SUPPLIED MATERIAL:
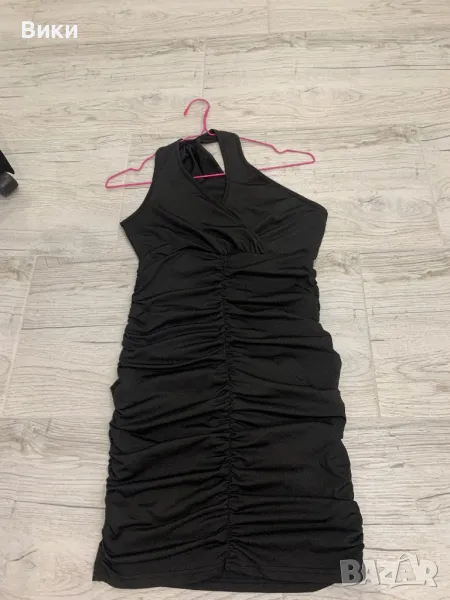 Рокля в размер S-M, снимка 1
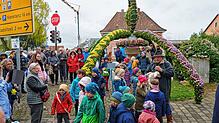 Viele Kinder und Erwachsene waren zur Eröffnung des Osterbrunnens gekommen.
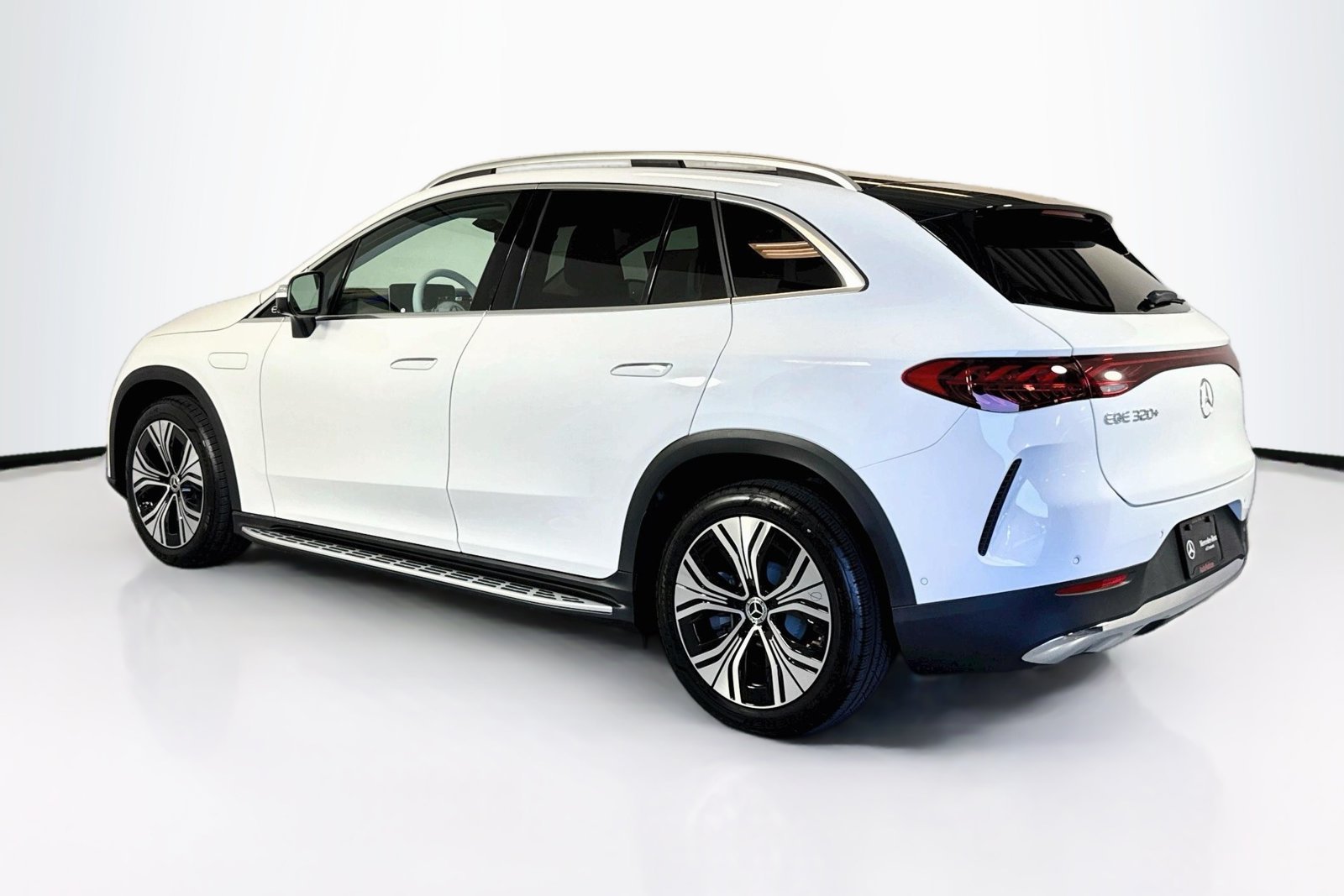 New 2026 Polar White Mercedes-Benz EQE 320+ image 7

PROBLEM REQUIREMENTS:
Print the lines from the line with "Viele Kinder und" to the end of the data above. Include both ends, exclude the pictures, and add nothing else.

EXPECTED ANSWER:
 Viele Kinder und Erwachsene waren zur Eröffnung des Osterbrunnens gekommen.
 New 2026 Polar White Mercedes-Benz EQE 320+ image 7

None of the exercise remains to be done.